# Projectile Headlights



## GA15 (Feb 4, 2003)

If the silvia s13 coupe has normal or dual headlights, can i replace those with the tri-projectile headlights. If yes, does the lights plug in without any modifications? If not, what minor modifications need to be done. Does it involve cutting the original wires....ouch???


----------



## FFgeon (Nov 28, 2002)

the jdm s13 came with, normal, dual and triple projector headlamps. to use these head lamps u need the jdm hood, fender, bumper cover and of course the lights. to hook em up is no prob. you gotta splice some wires here and there, but its no problem.


----------



## GA15 (Feb 4, 2003)

wow, you need to replace the hood and bumper too. are the lights a little smaller or bigger than the normal ones. i thought you need to get the lights and hook them only. i did not expect to change the hood and bumper too. pricy setup.


----------



## eatdirt (Feb 10, 2003)

GA15 said:


> *If the silvia s13 coupe has normal or dual headlights, can i replace those with the tri-projectile headlights. If yes, does the lights plug in without any modifications? If not, what minor modifications need to be done.
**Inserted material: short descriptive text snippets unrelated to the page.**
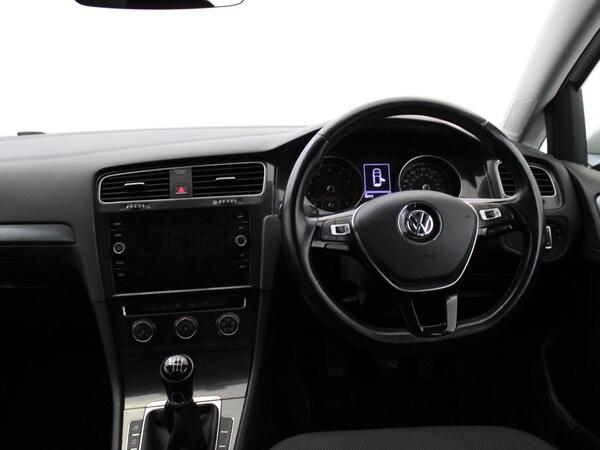 Used Volkswagen Golf 2018 for sale - 76157932: Photo 10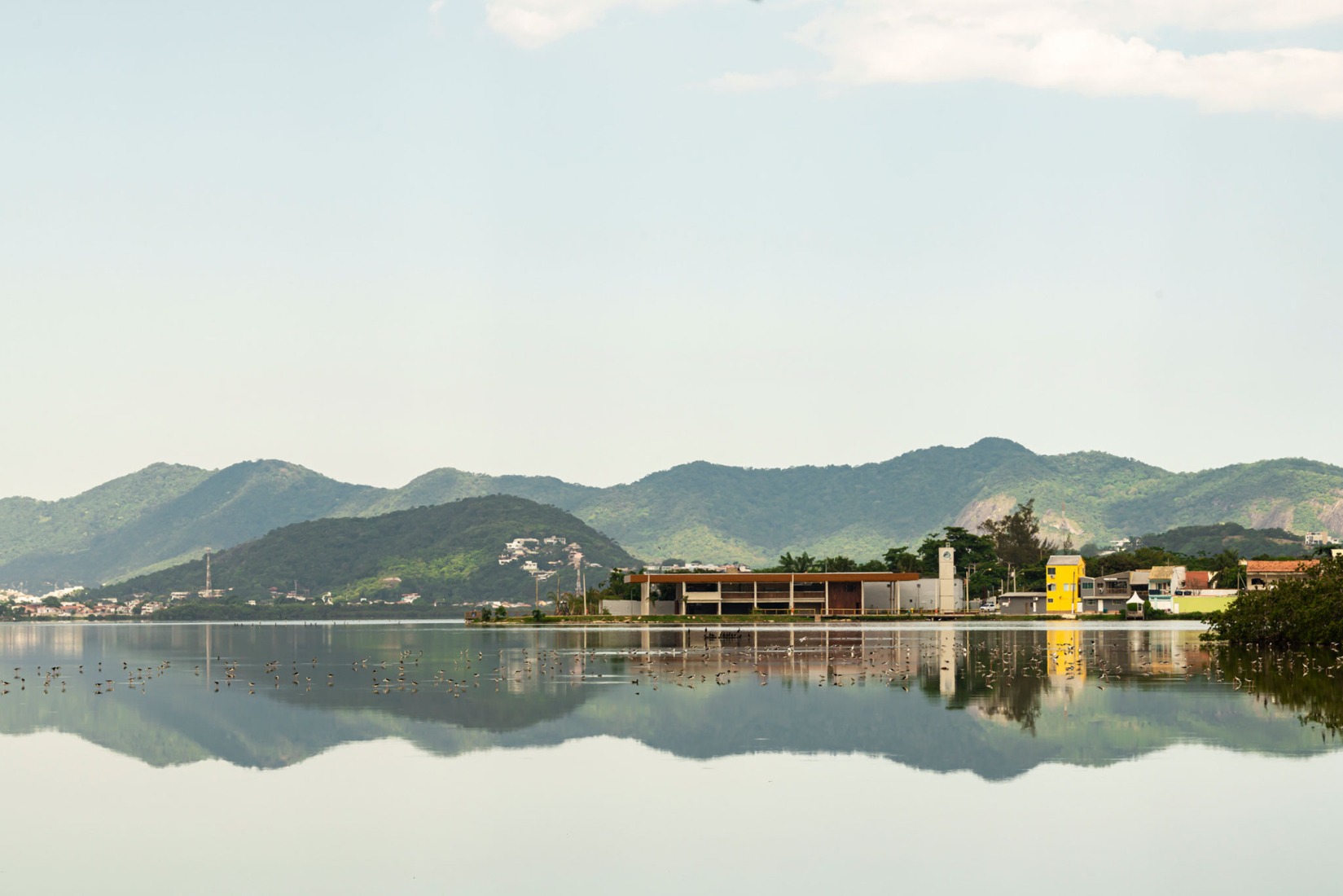 Eco-Museum y el parque Orla Piratininga por KAAN Architects. Fotografía por Sebastian van Damme.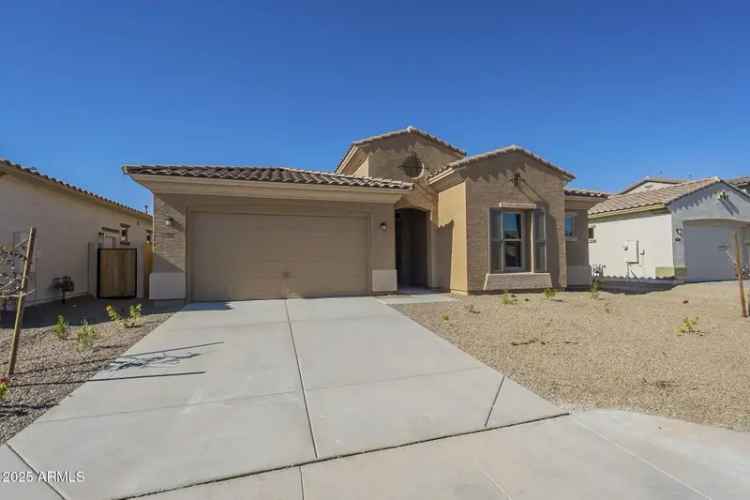 Buy Amethyst House in a Great Location with 3 Bedrooms and 3 Baths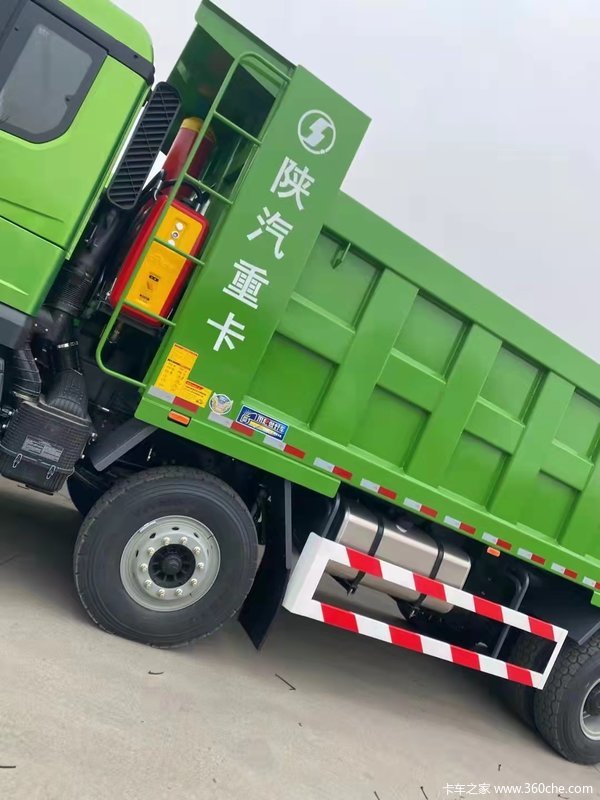 陕汽重卡德龙X5000国六8米自卸车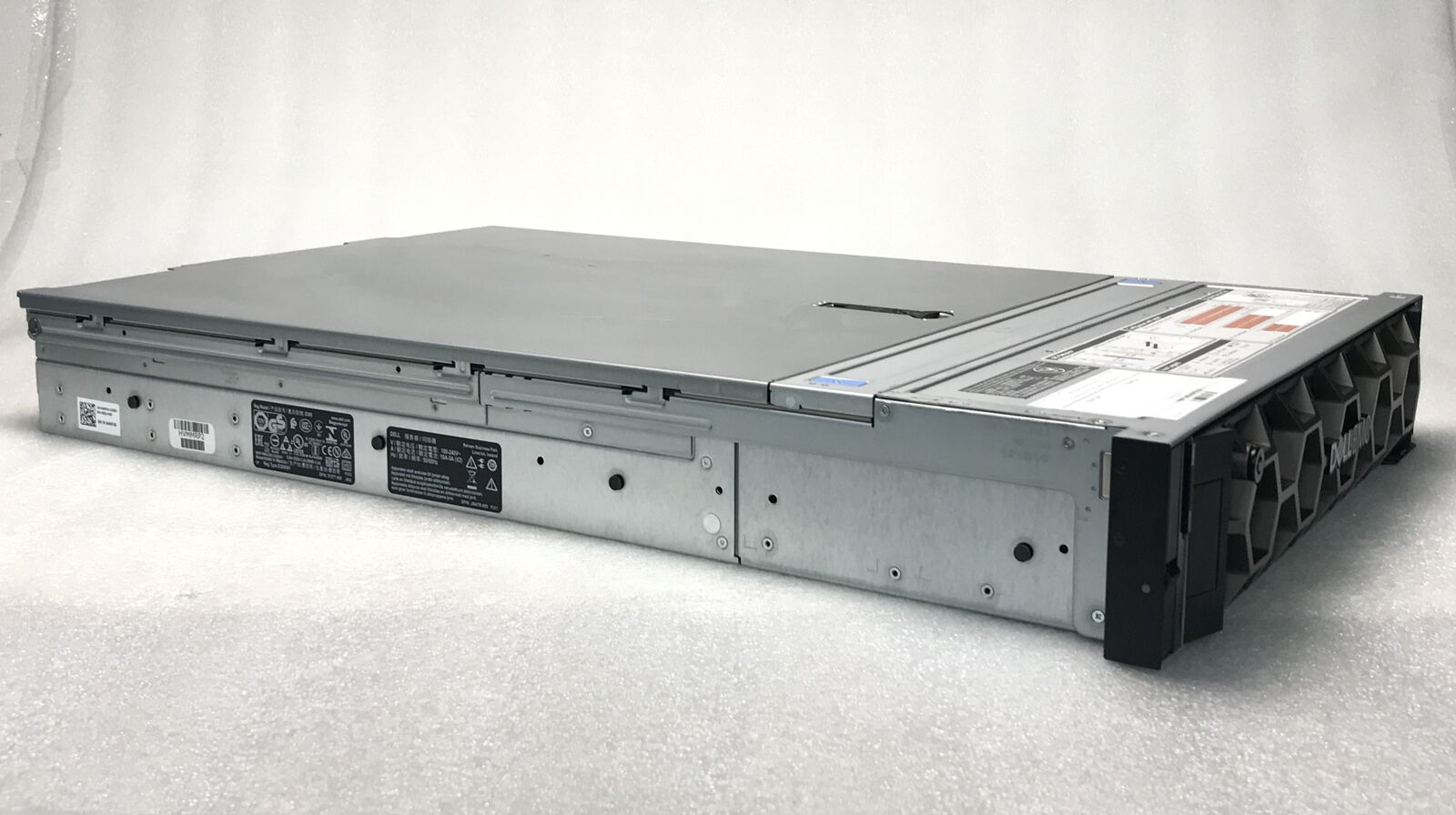 Dell R740 PowerEdge Server CPU Xeon Silver 4110@2.10GHz x2 / Ram 64Gb PC4-2666V DDR4 / HDD 300GB 15K SAS 2.5"x 6 / Power Supply 750w x2 / Raid Card H740P mini (Used) // สินค้ารับประกัน โดย บริษัท อะไหล่เซิร์ฟเวอร์ จำกัด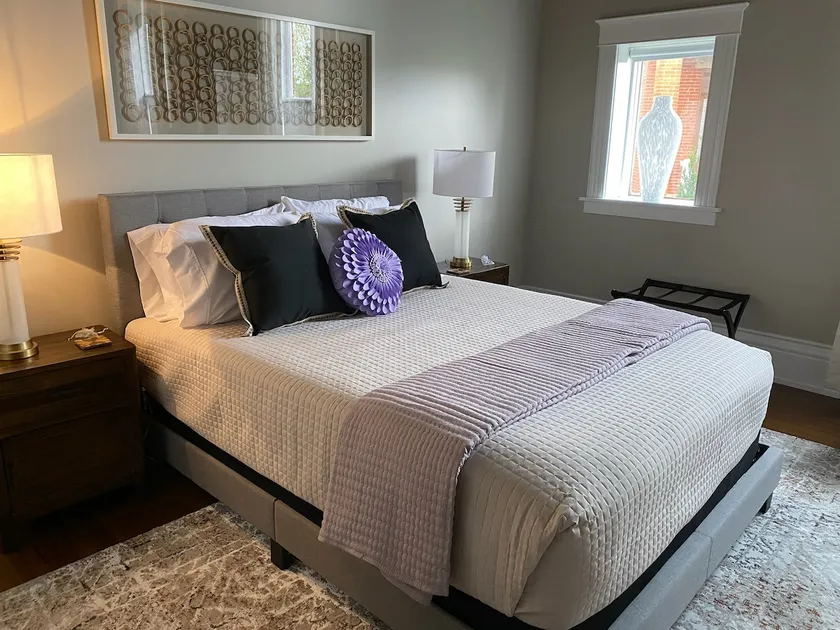 ”The Blair House” Suite B @ Historic Frost Village - Image 1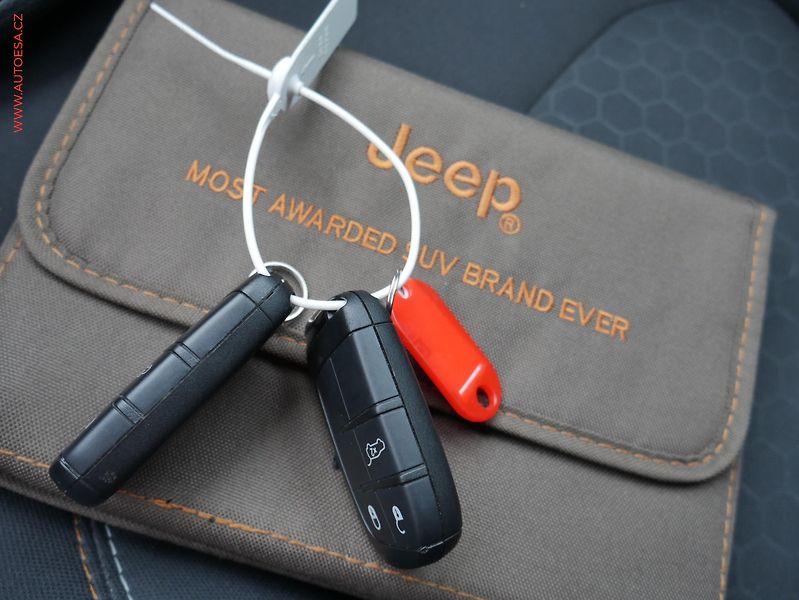 Jeep Compass (2018) 1.6 M-Jet, ČR, Longitude - fotka 21 z 21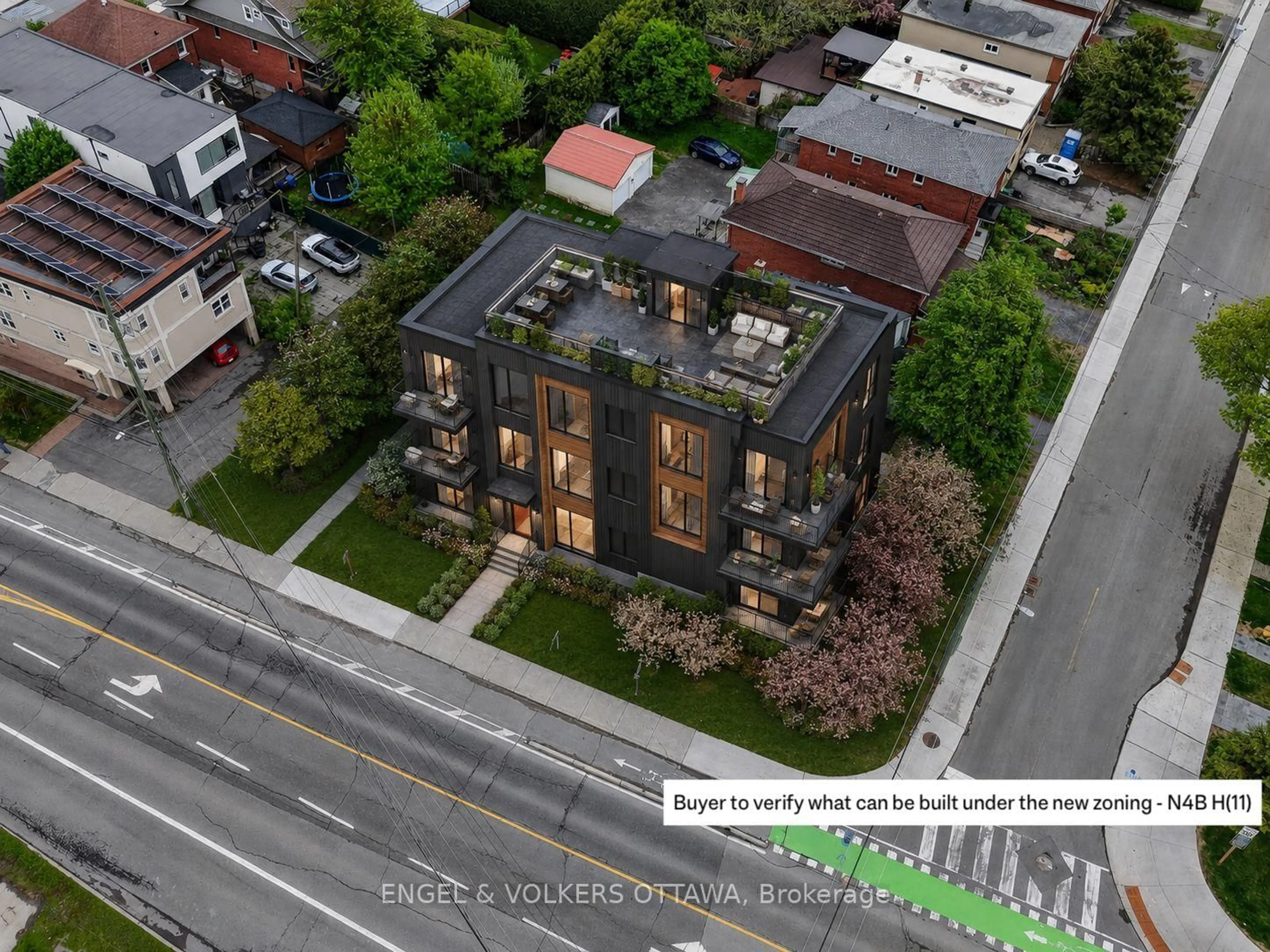 A pic from outside/outdoor area/front of a property/back of a property/a pic from drone, unknown for 1 Caroline Ave, Ottawa Ontario K1Y 0S8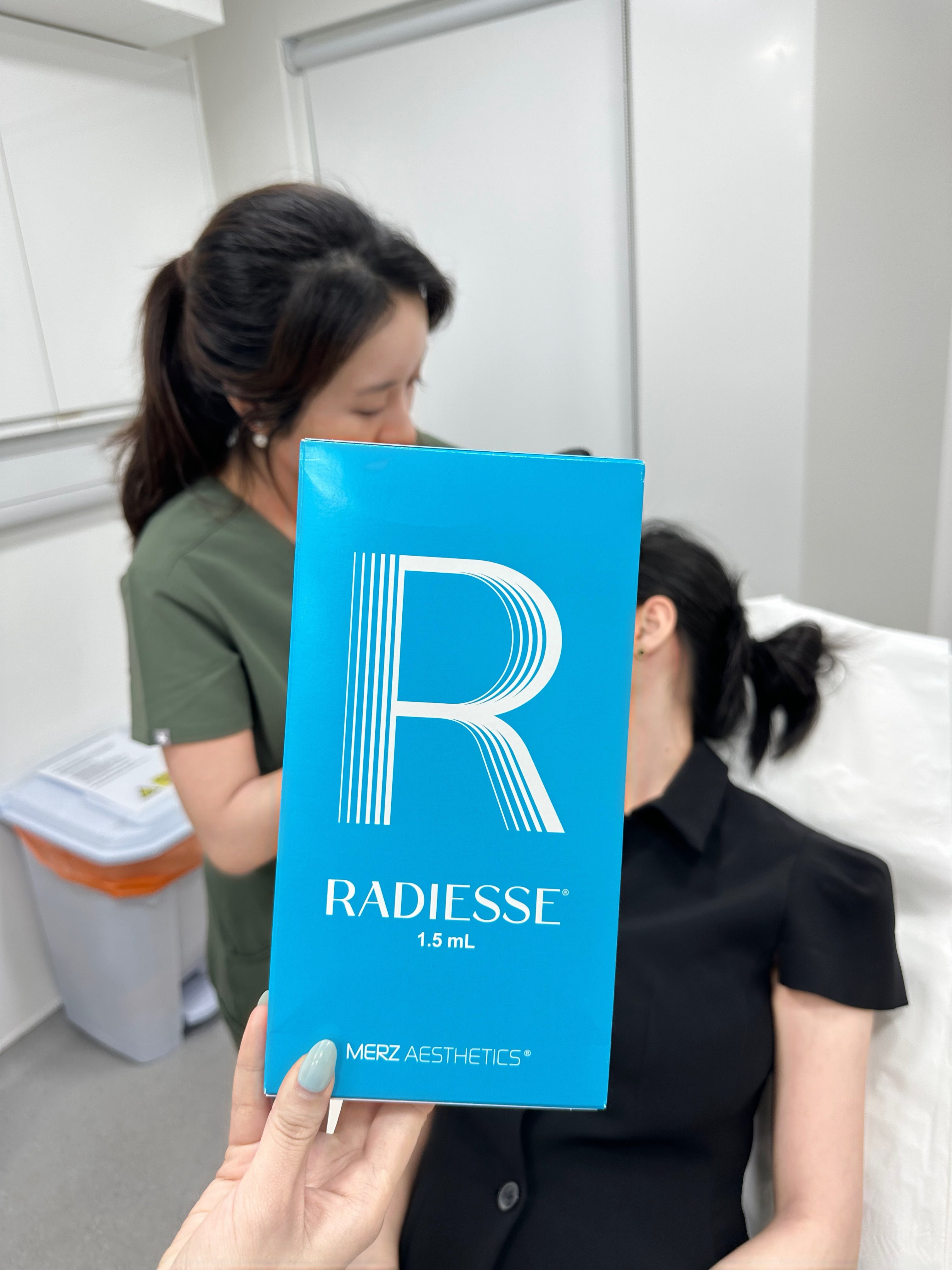 My Timeless 伦敦诊室内展示的 Radiesse® 1.5 mL 包装盒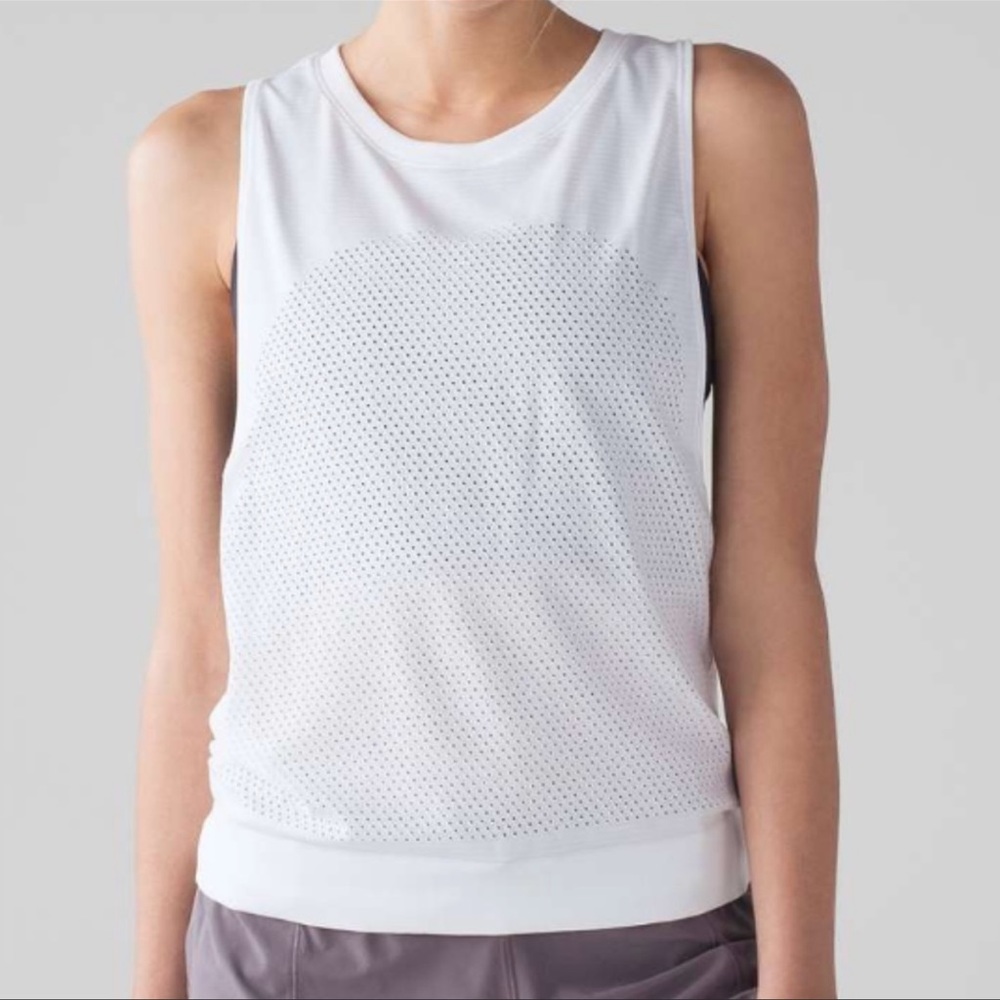 LULULEMON White Breeze By II Muscle Tank Top Size 6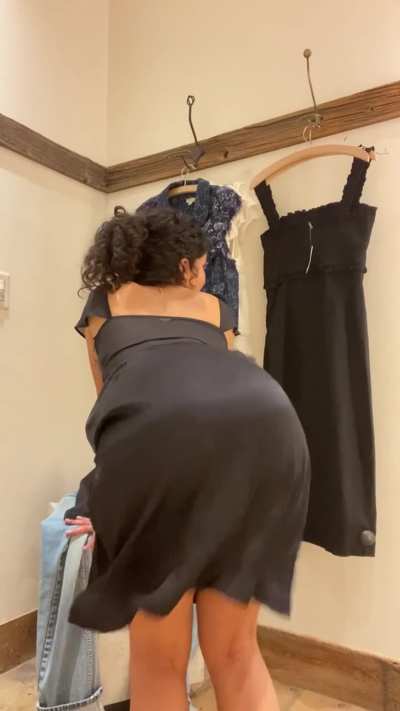 I really want to be fucked in the changing rooms ;-)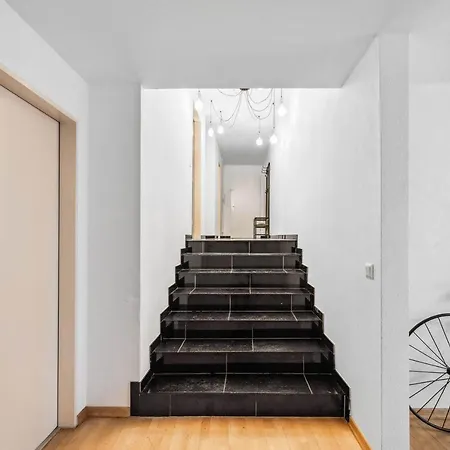 140 Sqm - Dream Flat In Old Town - Trade Fair + Arena Apartment *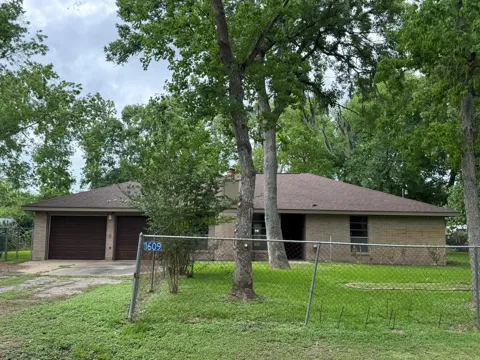 1609 Forrest Drive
Does it involve cutting the original wires....ouch??? *


im sorry I had to do it... projectile headlights... DAMN I gotta get me some of them... and some lazer beams too!


----------



## FFgeon (Nov 28, 2002)

well if u already have a silvia front end then you have nothing to worry about. any of the jdm lights fit the jdm body. look at the hood on your 240. see the spots where the headlights pop up at? now look at the hood an a silvia. no popup headlights. so ya see you need all the front end body panels off a silvia. sorry dude. when i got my silvia front end, i turned my popup headlights into projectile headlights by throwing them across the parking lot. =)


----------



## GA15 (Feb 4, 2003)

thanks ya all for the replies.


----------



## Bumpin (Feb 18, 2003)

If you go to www.clearcorners.com they have projector lights that fit in your pop-up housing. Don't know if you want to pay $1200 for them but they have'em.


----------



## '91 240sx (Feb 17, 2003)

Bumpin240sx said:


> *If you go to www.clearcorners.com they have projector lights that fit in your pop-up housing. Don't know if you want to pay $1200 for them but they have'em. *


clearcorners has some nice products, but their prices are crazy as hell


----------



## Bumpin (Feb 18, 2003)

Yeah insanely rediculous. For clear bumper lights they want $75. I made my own by taking the kitchen lite cover, cutting out the shape, smoothing the edges, and screwing them in.


----------



## GA15 (Feb 4, 2003)

Oh! well, better get a S13 that comes with the projectile headlights so less fuss.


----------



## Gripen (May 24, 2003)

Projectile headlights... hmm... 20 points for the old lady crossing the street...


----------



## 93blackSER (Feb 1, 2003)

i dont know your rules, but around here, old ladies are 50points. animals are 20points, except the really small ones, they get 30 cuz they are hard to hit. but then again, with projectile headlights, the points would be raised a little bit as opposed to just hitting things with the car. wouldnt you agree?


----------



## lionel (May 13, 2003)

are cats considered small? cuz i killed 3 in two days.


----------



## 93blackSER (Feb 1, 2003)

nah, i'm talking small, like squirrel and chipmunk small, and some rabbits. cats are pretty easy targets as long as you have a car and not a truck. trucks sit too high, too hard to hit things.


----------



## lionel (May 13, 2003)

actually when i hit cats or other animals, i make sure it's my wheels that do the bone crushing attack. squirrels are too cool to attack unless they pull a "geico direct" on me.


----------



## Gripen (May 24, 2003)

lol. Ya, 20 points may seem a bit low, but i'm still trying to re-adjust to washington. I just came back from florida where old people are more common than sunny days.


----------



## lionel (May 13, 2003)

old ppl here in florida where i live hold hand in hand waving at strangers all day


----------



## 93blackSER (Feb 1, 2003)

we dont have many old people in my town, at least not that ever cross the road, so they score higher. it's more of a search and destroy thing with them. i do have to agree that i also try to hit things with my wheels considering i actually like the car i drive now. with my old car, i'd hit anything, it was great.


----------



## lionel (May 13, 2003)

hellyeah, suffer the consequences if they get in my way. the cool thing bout my p.o.s car, it had blood all over, that shit was funny.


----------



## 93blackSER (Feb 1, 2003)

yeah yeah, been there, done that. loads of fun! my old car was like a street legal field car. if it's in the way, hit it!


----------



## lionel (May 13, 2003)

lol exactly my motto, my mom gave me her supra one day, and my brother installed some fog horns, and i honked the shit out of ppl, all they could do is get startled and hold their hearts from the sudden burst of the horn right behind their dumbasses. now that's fun.


----------



## PatScottAKA99XE (Apr 30, 2002)

Save it for OT


----------